_What to produce_:
Write out the data below exactly as given, without any of its pictures.
** Opening Working data block **
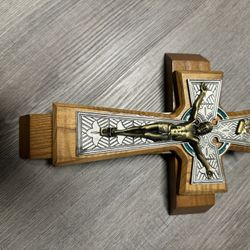 Walnut And Pewter Celtic Cross Wall Hanging 11 Inches Long By 7 1/2 Inches Wide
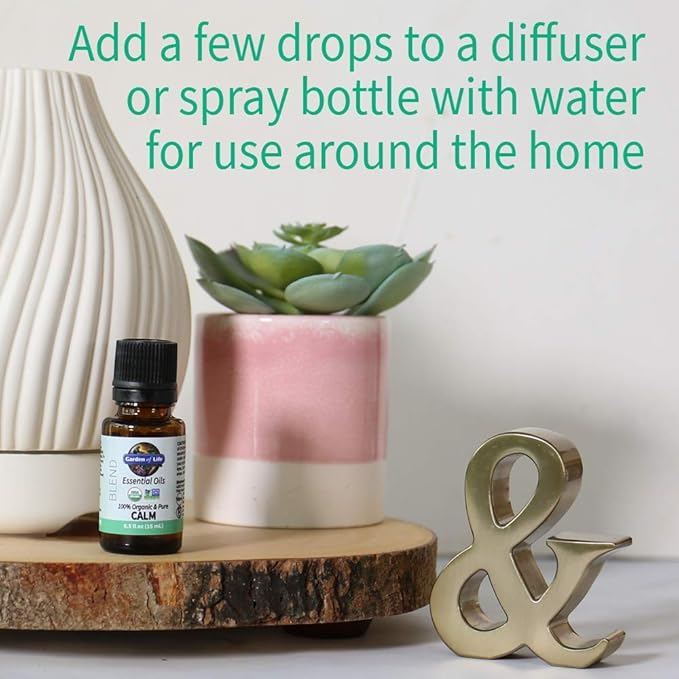 Garden of Life Essential Oils, 100% Organic and Pure Lavender Essential Oil Plus Chamomile & Fir Balsam - Calm Blend for Diffusers, Home, Skin & Body Care, Calming, Relaxing, Soothing, 0.5 fl oz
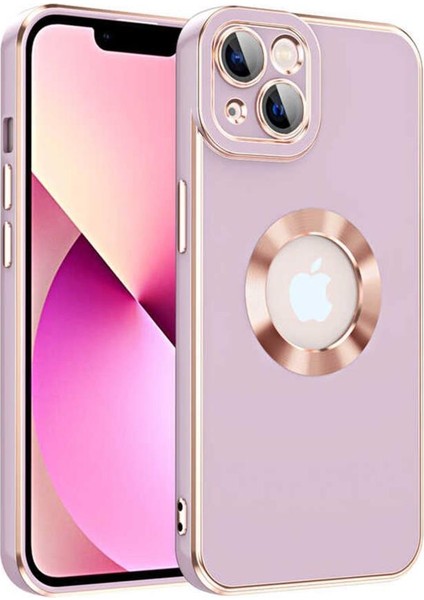 iPhone 14 Plus Kılıf Kamera Korumalı Logo Çevresi Halka Tasarım Lüx Kapak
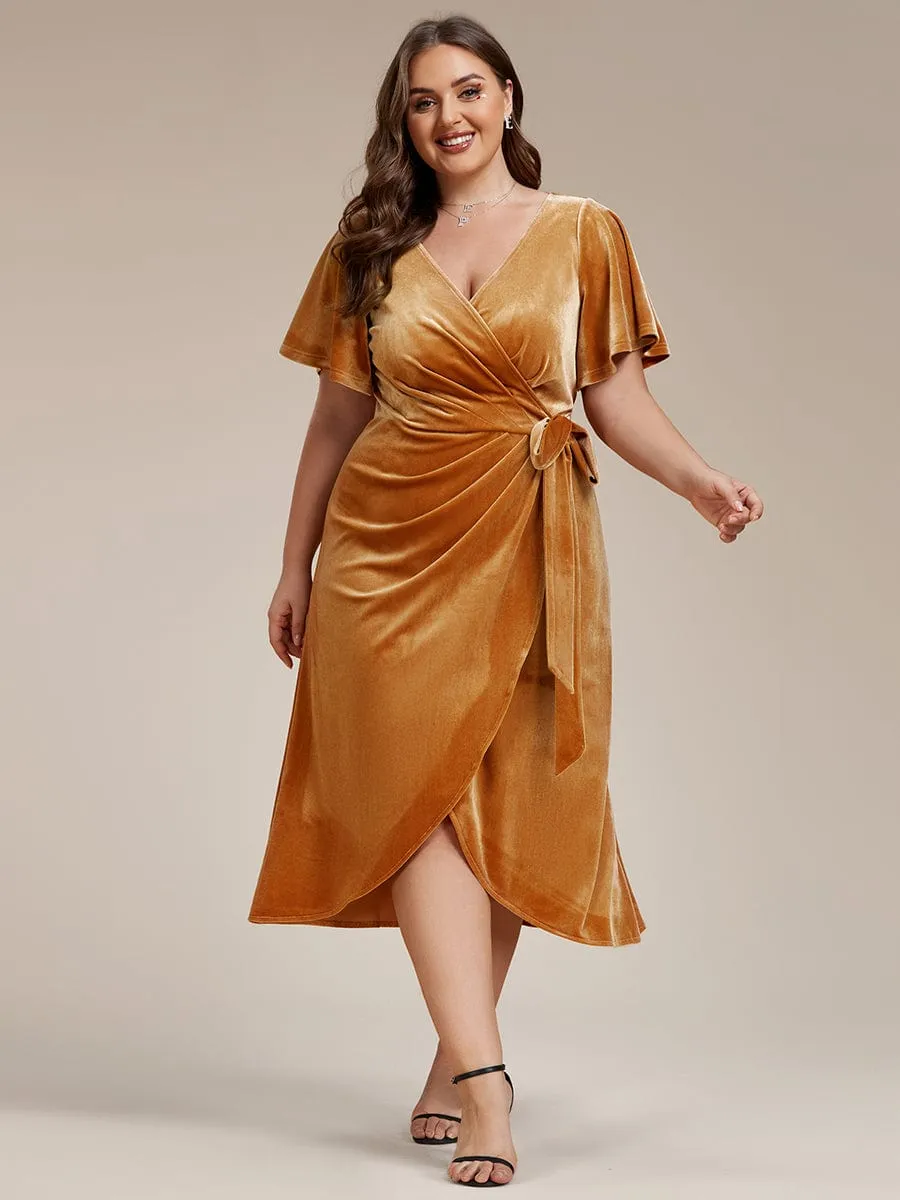 Captivating Ruffled V-Neck Velvet Wedding Guest Dress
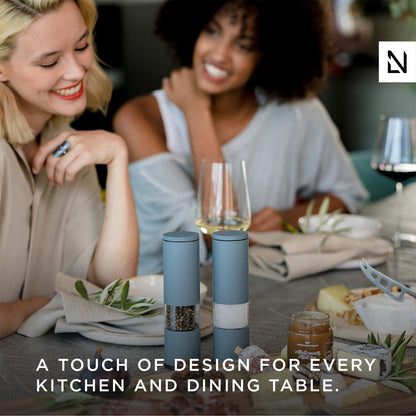 LARS NYSØM Salt and Pepper Grinder Set 2 pieces I Salt Pepper Mill with Adjustable Ceramic Grinder I Design Spice Grinder Set Manual (Stone Blue)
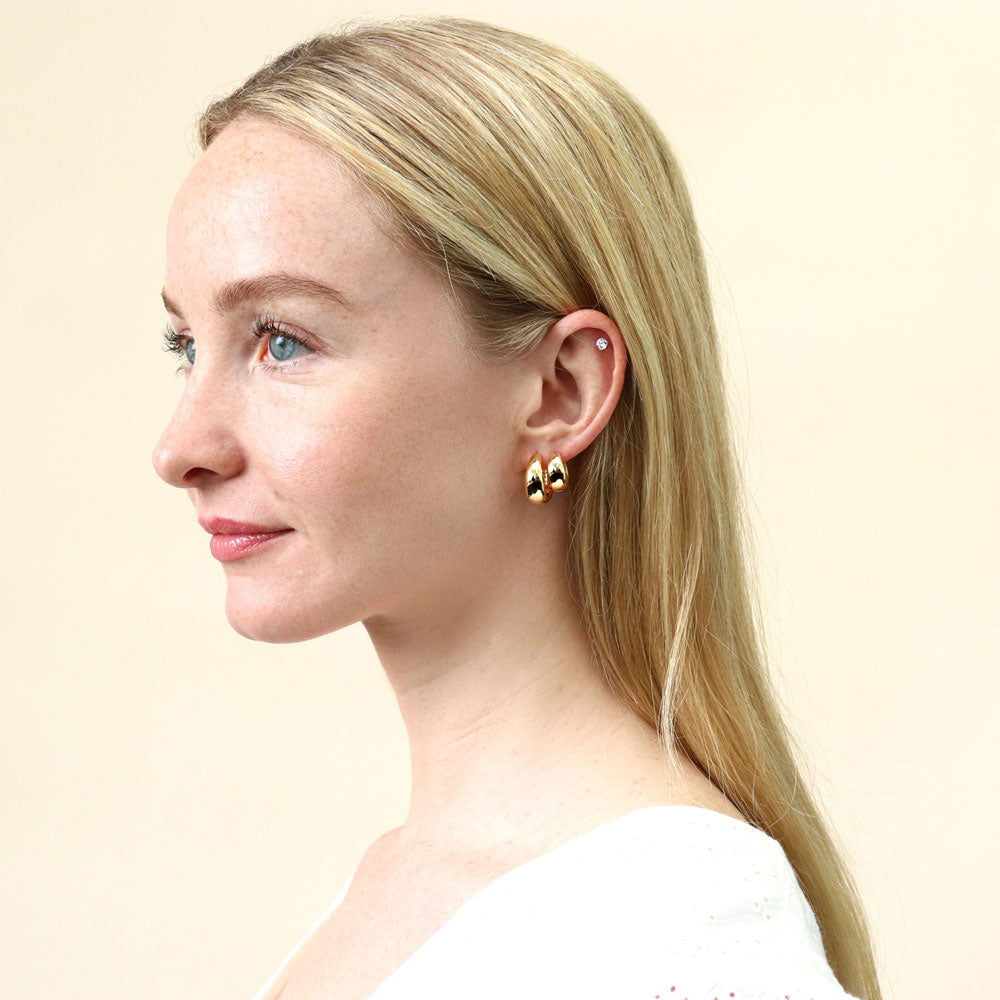 Model wearing Dome Hoop Earrings in Gold Flashed Sterling Silver, 2 Pairs, 15 of 18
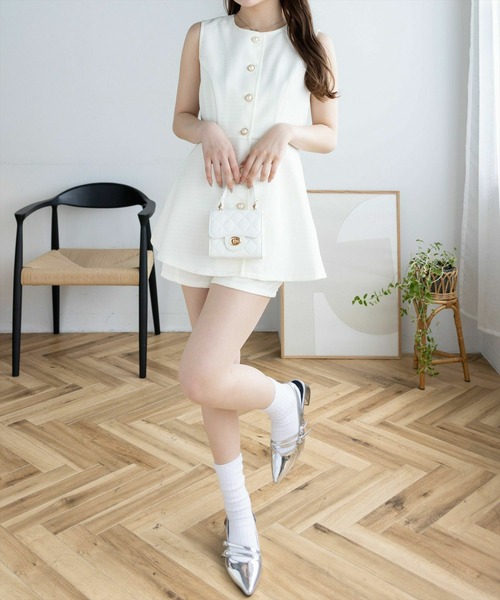 clear（クリア）の「サマーツイードフロントボタンチュニック&ショートパンツセット [着回し力抜群 大人 フェミニン]≪2025SS新作≫（チュニック・レディース・ピンク/アイボリー/ブラック/ブラック×ホワイト・M/S）」の10枚目の写真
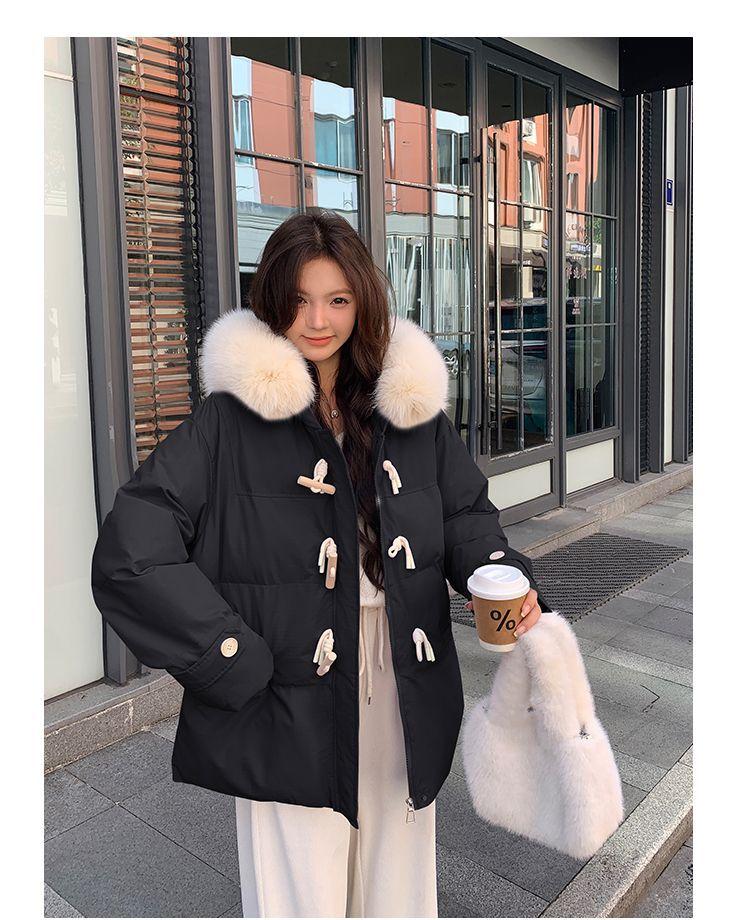 Women's Autumn and Winter Coat Solid Color Horn Button Hooded Fur Collar Loose Thickened Windproof Women's Jacket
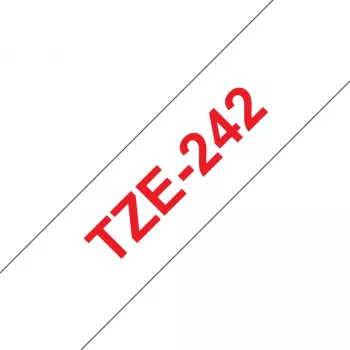 Laminiertes Band Brother TZe242 18 mm Rot auf Weiß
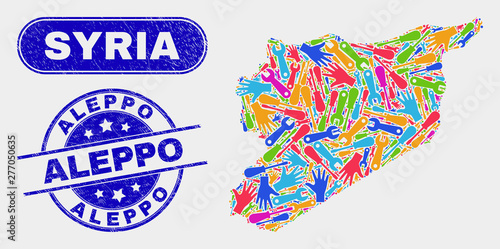 Component Syria map and blue Aleppo textured seal. Colorful vector Syria map mosaic of mechanic units. Blue rounded Aleppo seal.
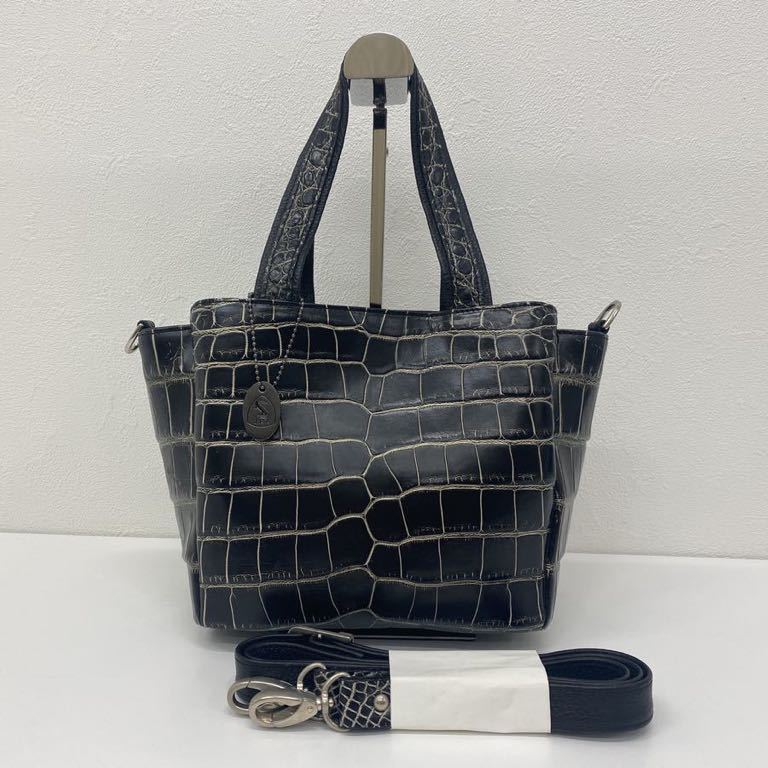 高級 JRAタグ付 シャイニングクロコダイル ハンドバッグ ビジネス JRA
** Closing Working data block **
_Result of this exercise_:
 Walnut And Pewter Celtic Cross Wall Hanging 11 Inches Long By 7 1/2 Inches Wide
 Garden of Life Essential Oils, 100% Organic and Pure Lavender Essential Oil Plus Chamomile & Fir Balsam - Calm Blend for Diffusers, Home, Skin & Body Care, Calming, Relaxing, Soothing, 0.5 fl oz
 iPhone 14 Plus Kılıf Kamera Korumalı Logo Çevresi Halka Tasarım Lüx Kapak
 Captivating Ruffled V-Neck Velvet Wedding Guest Dress
 LARS NYSØM Salt and Pepper Grinder Set 2 pieces I Salt Pepper Mill with Adjustable Ceramic Grinder I Design Spice Grinder Set Manual (Stone Blue)
 Model wearing Dome Hoop Earrings in Gold Flashed Sterling Silver, 2 Pairs, 15 of 18
 clear（クリア）の「サマーツイードフロントボタンチュニック&ショートパンツセット [着回し力抜群 大人 フェミニン]≪2025SS新作≫（チュニック・レディース・ピンク/アイボリー/ブラック/ブラック×ホワイト・M/S）」の10枚目の写真
 Women's Autumn and Winter Coat Solid Color Horn Button Hooded Fur Collar Loose Thickened Windproof Women's Jacket
 Laminiertes Band Brother TZe242 18 mm Rot auf Weiß
 Component Syria map and blue Aleppo textured seal. Colorful vector Syria map mosaic of mechanic units. Blue rounded Aleppo seal.
 高級 JRAタグ付 シャイニングクロコダイル ハンドバッグ ビジネス JRA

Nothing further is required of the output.